══ Data records ══

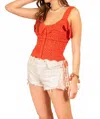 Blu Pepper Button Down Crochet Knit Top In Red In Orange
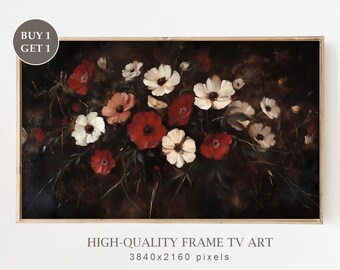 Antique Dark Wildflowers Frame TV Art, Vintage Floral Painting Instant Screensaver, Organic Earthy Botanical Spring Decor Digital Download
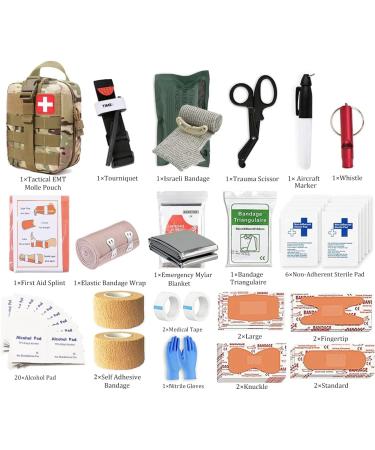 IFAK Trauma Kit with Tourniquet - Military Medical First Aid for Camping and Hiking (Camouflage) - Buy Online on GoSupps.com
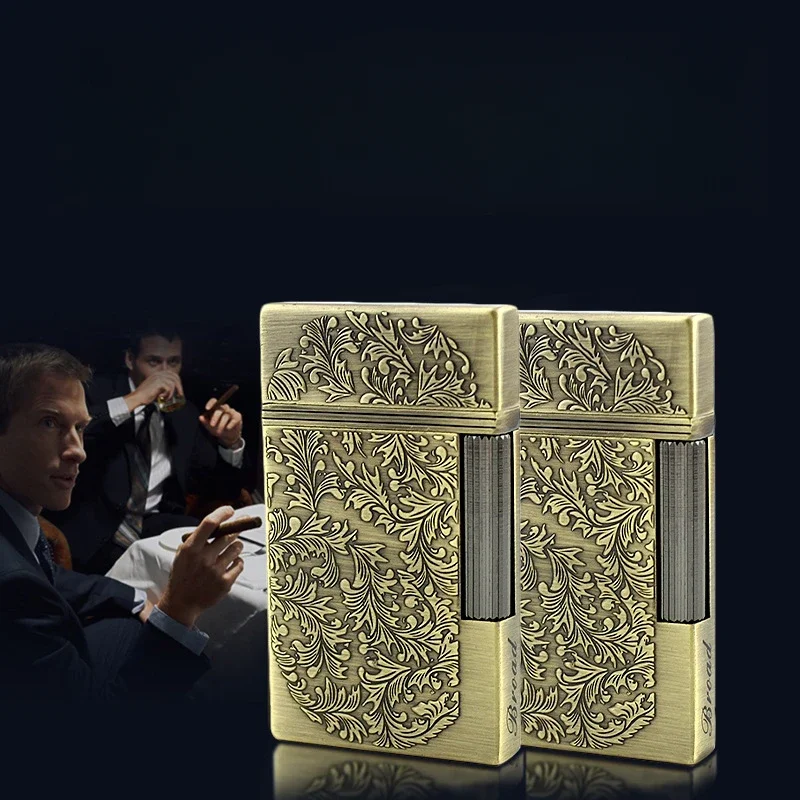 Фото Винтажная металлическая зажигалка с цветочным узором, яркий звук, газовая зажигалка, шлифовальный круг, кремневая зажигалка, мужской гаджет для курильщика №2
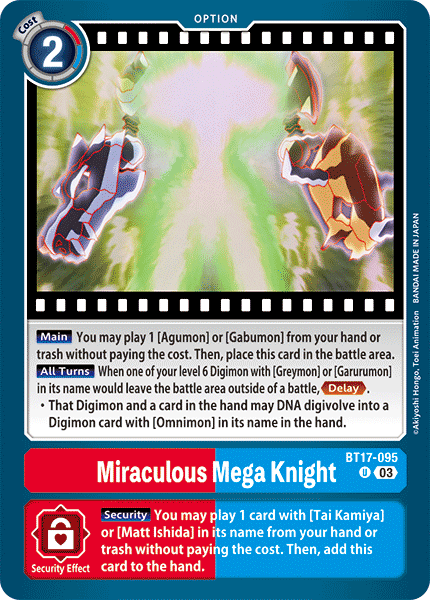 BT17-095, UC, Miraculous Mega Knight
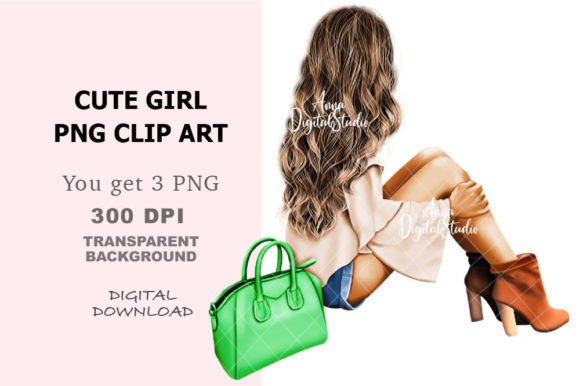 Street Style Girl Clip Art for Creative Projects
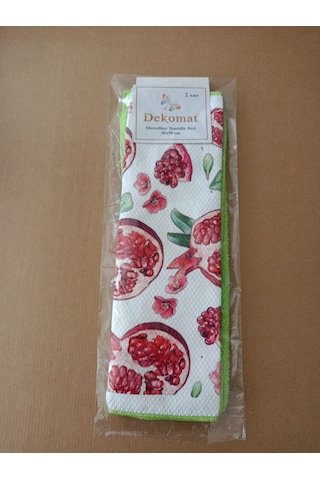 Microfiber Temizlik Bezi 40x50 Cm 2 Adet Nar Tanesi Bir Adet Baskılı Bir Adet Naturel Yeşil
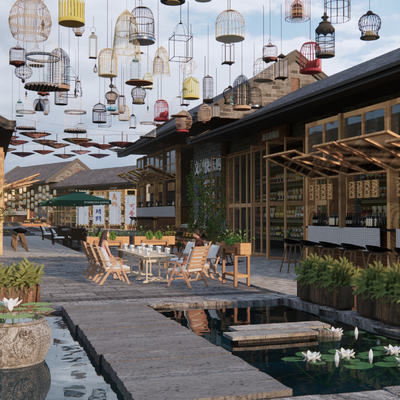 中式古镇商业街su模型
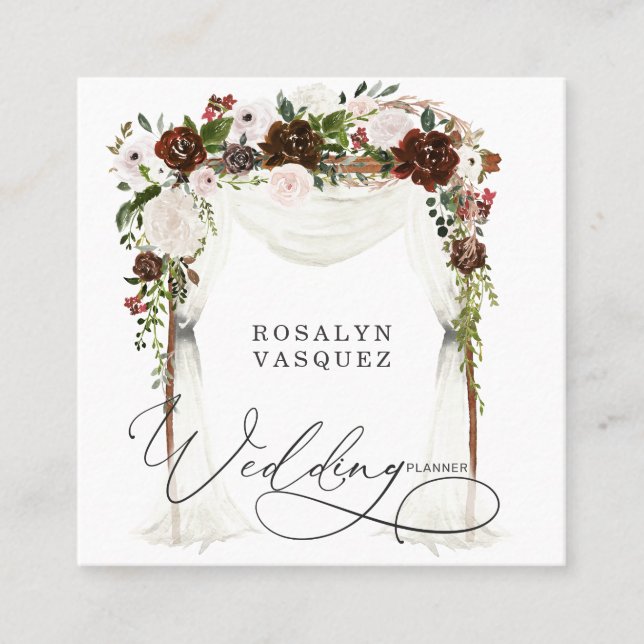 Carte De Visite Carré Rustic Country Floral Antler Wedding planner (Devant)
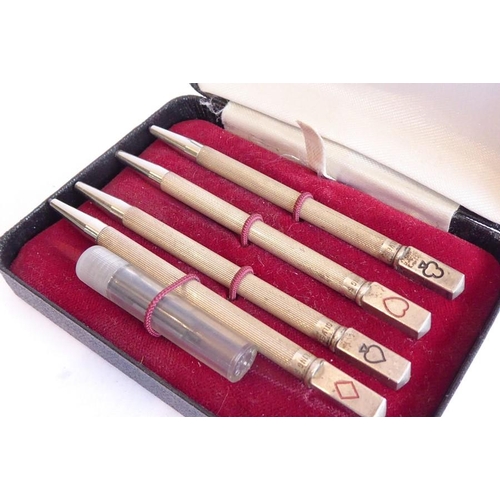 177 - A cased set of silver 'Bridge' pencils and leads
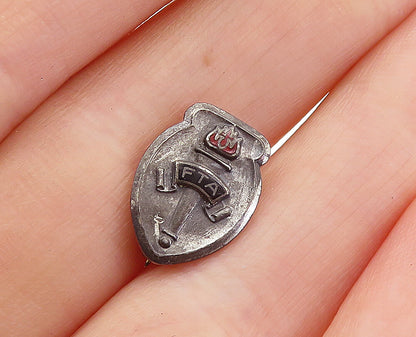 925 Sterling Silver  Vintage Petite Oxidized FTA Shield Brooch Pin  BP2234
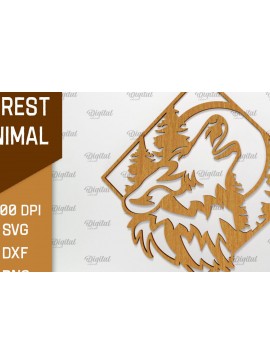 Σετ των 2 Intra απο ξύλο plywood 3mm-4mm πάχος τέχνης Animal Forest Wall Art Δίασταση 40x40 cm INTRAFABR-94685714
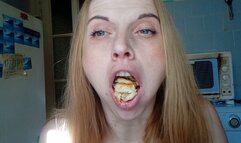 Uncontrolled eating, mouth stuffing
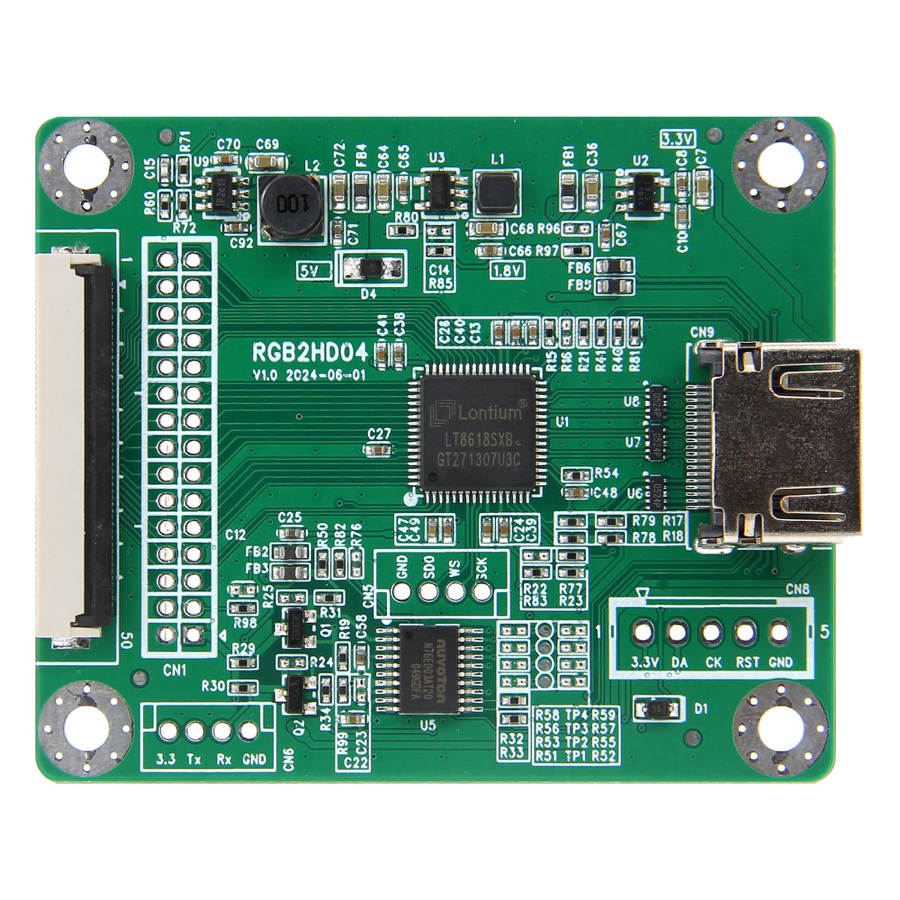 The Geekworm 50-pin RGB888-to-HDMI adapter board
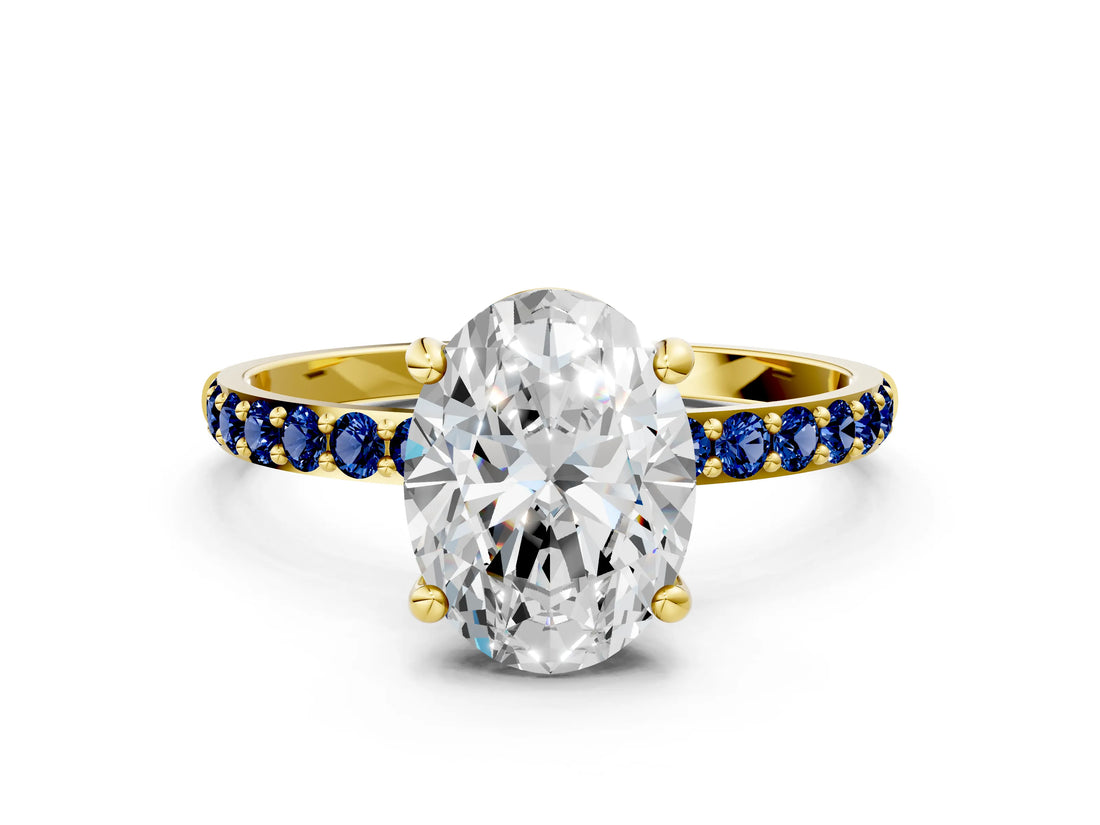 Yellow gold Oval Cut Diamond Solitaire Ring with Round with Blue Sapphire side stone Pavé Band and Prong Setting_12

═══

* _About this exercise_: Reproduce each entry exactly as written, but leave out the images.

* _Task solution_:
 Blu Pepper Button Down Crochet Knit Top In Red In Orange
 Antique Dark Wildflowers Frame TV Art, Vintage Floral Painting Instant Screensaver, Organic Earthy Botanical Spring Decor Digital Download
 IFAK Trauma Kit with Tourniquet - Military Medical First Aid for Camping and Hiking (Camouflage) - Buy Online on GoSupps.com
 Фото Винтажная металлическая зажигалка с цветочным узором, яркий звук, газовая зажигалка, шлифовальный круг, кремневая зажигалка, мужской гаджет для курильщика №2
 BT17-095, UC, Miraculous Mega Knight
 Street Style Girl Clip Art for Creative Projects
 Microfiber Temizlik Bezi 40x50 Cm 2 Adet Nar Tanesi Bir Adet Baskılı Bir Adet Naturel Yeşil
 中式古镇商业街su模型
 Carte De Visite Carré Rustic Country Floral Antler Wedding planner (Devant)
 177 - A cased set of silver 'Bridge' pencils and leads
 925 Sterling Silver  Vintage Petite Oxidized FTA Shield Brooch Pin  BP2234
 Σετ των 2 Intra απο ξύλο plywood 3mm-4mm πάχος τέχνης Animal Forest Wall Art Δίασταση 40x40 cm INTRAFABR-94685714
 Uncontrolled eating, mouth stuffing
 The Geekworm 50-pin RGB888-to-HDMI adapter board
 Yellow gold Oval Cut Diamond Solitaire Ring with Round with Blue Sapphire side stone Pavé Band and Prong Setting_12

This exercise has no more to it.